More than 300 search and rescue personnel have been involved in the hunt for 15-year-old Nora, who disappeared from a Malaysian jungle resort on Sunday August 4.
The reward of 50,000 Malaysian ringgit - approximately £10,000 - was donated by an anonymous Belfast business, Nora's family said.
Her aunt set up an online fundraising page in the aftermath of her disappearance, which has so far collected more than £90,000.
A second campaign created by Nora's uncle to collect money in euros now totals more than 15,000 euros (almost £14,000).
In a statement on Monday, Nora's family said: "Nora is our first child. She has been vulnerable since the day she was born.
"She is so precious to us and our hearts are breaking.
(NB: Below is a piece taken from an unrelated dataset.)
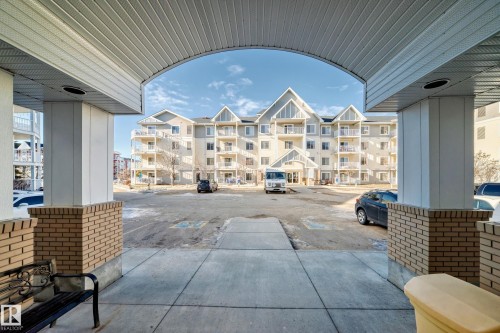 The property features a multi-story building with light-colored siding and several balconies - 208 2204 44 Ave, Edmonton, AB - Outdoor With Balcony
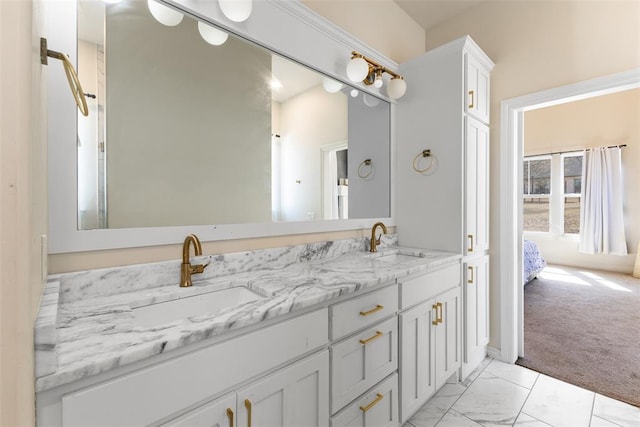 full bathroom with double vanity, marble finish floor, ensuite bathroom, and a sink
We are appealing to anyone who has information about Nora to help us find her.
"The police have been working extremely hard to bring Nora home. In order to help their investigation, we have decided to offer a reward: 50,000R has been donated by an anonymous Belfast-based business for any information that directly helps us to find Nora.
"If you have any information at all, please call the police hotline here on 01112285058 or email email@example.com from outside Malaysia."
Nora's family are regulars at St Bede's Church in Clapham Park.
A vigil was held for her there last week.
On Monday morning, a total of 348 personnel were deployed in the search operation, the largest team so far, according to Malaysia's Malay Mail newspaper.
Malaysian police set up a new hotline over the weekend, while voluntary hikers also joined the search for Nora, who was born with the brain defect holoprosencephaly and has special needs.
The Associated Press reported that a Malaysian shaman has joined in the search, adding that police released a video showing a shaman wearing a white skullcap performing rituals in the forest.
Nora's parents, Meabh and Sebastien Quoirin, a French-Irish couple who have lived in London for 20 years, thanked those involved in looking for her.
"You have given up your time especially at a special festival time," said Ms Quoirin, referring to Hari Raya Haji, the Islamic "festival of sacrifice" celebrations.
In a video broadcast on local media, she added: "We want to say thank you to each and every one of you. We know you're searching night and day for Nora.
"We see you working so hard and also praying with us and being with us."
The family have said they remain hopeful after police leading the investigation refused to rule out a "criminal element".
The National Crime Agency (NCA) and the Metropolitan Police are supporting the Malaysian police with the case.
A spokeswoman for the NCA said: "The National Crime Agency, the Met Police and the Irish police are working together to help and support the Malaysian authorities relating to Nora Quoirin's disappearance."